Michele Serra ha parlato male di Twitter. Ha scritto che gli fa schifo. Un sacco di gente s'è incazzata. Così tanto che Repubblica ha messo su un boxino in cui Serra rispiega la sua posizione in un video (perché, poi, un video debba essere più chiaro di un articolo non saprei...). Qualche giorno fa Jonathan Franzen ha parlato male di Facebook, e di rimando pure di Twitter. In generale dei social network, che a lui sembrano brutti e inutili. Parese suo. Facebook delle parole di Franzen non se ne è nemmeno accorto: essendo un mezzo autenticamente popolare non ha bisogno di erigersi in propria difesa. Due o tre anni fa sarebbe andata diversamente, ma da quando abbiamo saputo quanto Zuckerberg possa essere stronzo, nessuno più fiata. Si posta e basta. Con Twitter invece no. Twitter è elitario, esclusivo, mette in vetrina rispetto al mondo, la regola è far vedere di seguire pochissima gente ed essere seguiti da una moltitudine. Twitter fa bene, dicono. Per cui non va toccato. Twitter siamo noi e nessuno si avvicini senza saperlo. Se Serra ne parla male, in tanti se la legano al dito e lo sbertucciano. Questo articolo di Andrea Scanzi sul Fatto quotidiano, con il suo ridicolo miscuglio di superficialità e populismo (davvero c'è ancora qualcuno che crede alla sinistra in velluto che osserva il mondo dal salotto foderato con l'opera omnia di Kierkegaard?), è la radiografia perfetta di cosa sia Twitter: una gara a chi dimostra più furbizia, demagogia culturale, purezza di spirito. La differenza sta nel fatto che Scanzi ha scritto un tweet di 3800 battute e non 140. La modalità invece è la stessa. Si parte dall'idea che solo una ristretta cerchia di eruditi delle dita sappia condensare concetti in poche parole e si prosegue accusando i non adepti di superficialità, invidia, trombonaggine, elitarismo erudito. Eh già, perché sono sempre gli altri a non capire la portata popolare delle rivoluzioni. In fondo siamo un po' tutti egiziani, veniamo tutti da piazza Tahrir.
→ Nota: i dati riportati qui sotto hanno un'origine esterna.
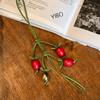 Bag Charm, Exquisite Tomato String Pendant Woman All-Match Cute Backpack Pendant Bag Accessories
Sul Post Gipi si è giustamente chiesto perché uno dovrebbe incazzarsi se gli toccano Twitter. In teoria, scrive, dovrebbe essere come un oggetto qualsiasi, come un telefono o un freno a mano. E nessuno si offende se io qui sopra scrivo che il Nokia di mia moglie è una merda. Eppure con Twitter sì. E, ripeto, tre anni fa con Facebook sarebbe stato uguale.
Twitter oggi è la piazza, il cubo della discoteca, la gabbia dei leoni dove molti hanno scelto di esibirsi. A tutti piace che i follower stiano lì fuori ad applaudire. E se poi si arriva per primi sulle cose, se si fa il liveblogging della trasmissione scaciona ma popolare, allora è proprio il massimo della democrazia oggi possibile. Dicono loro.
Se però, poi, arriva qualcuno a parlarne male, quello che dice non è semplicemente un'opinione. E' un'accusa, un dito nell'occhio, un calcio nelle palle. E' come se quel qualcuno, invece di applaudire, tirasse dritto per la sua strada, senza fermarsi nella piazza, nella discoteca, davanti la gabbia dei leoni. E non sia mai, quindi, che l'inseguito possa un giorno ritrovarsi a essere inseguitore. Questo proprio no, specie se gli inseguiti sono dei signor nessuno.